Ao ver o filme, vemos a preocupação dos sobreviventes sobre a possibilidade de recorrer ao canibalismo, mais precisamente à necrofagia para sobreviver, já que não tinham alimentos para continuar com vida. Entre debates e orações eles tiveram medo de utilizar os corpos como fonte de alimento, acreditando que isso seria condenável aos olhos de Deus.
Esta escolha gera obviamente a sua quota de polêmicas, críticas e julgamentos. Especialmente porque os sobreviventes o justificaram na altura, referindo-se ao sacrifício de Cristo na cruz para a salvação da humanidade, e à instituição da Eucaristia na véspera da sua Paixão. Todos eles eram católicos e explicariam que foi a sua fé que lhes permitiu não só sobreviver, mas também superar as consequências psicológicas de uma tal tragédia. No final, a Igreja Católica decidiu: o Papa Paulo VI absolveu-os.
Apoio da Igreja
Apesar de não ser mencionado no filme, a Igreja Católica ofereceu apoio aos sobreviventes. Este fato, documentado por Fernando Parrado em seu livro ‘Milagre nos Andes’, revela que a Igreja desempenhou um papel importantíssimo na assistência espiritual e psicológica aos sobreviventes, algo que não foi explorado na narrativa do filme.

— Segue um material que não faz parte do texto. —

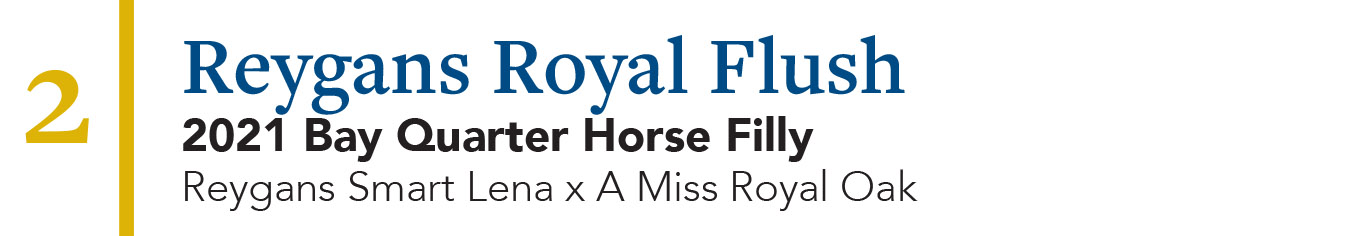 Text that reads: 2. Reygans Royal Flush, 2021 Bay Quarter Horse Filly, Reygans Smart Lena x A Miss Royal Oak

“Logo após o resgate, membros da Igreja Católica anunciaram que, de acordo com a doutrina da Igreja, não havíamos cometido pecado ao comer a carne dos mortos. Conforme Roberto argumentara na montanha, eles disseram ao mundo que o pecado seria termos nos permitido morrer. Porém, fiquei mais contente com o fato de que muitos dos pais dos rapazes que morreram nos apoiaram publicamente, dizendo ao mundo que entendiam o que tínhamos feito para sobreviver”, escreveu Parrado em seu livro.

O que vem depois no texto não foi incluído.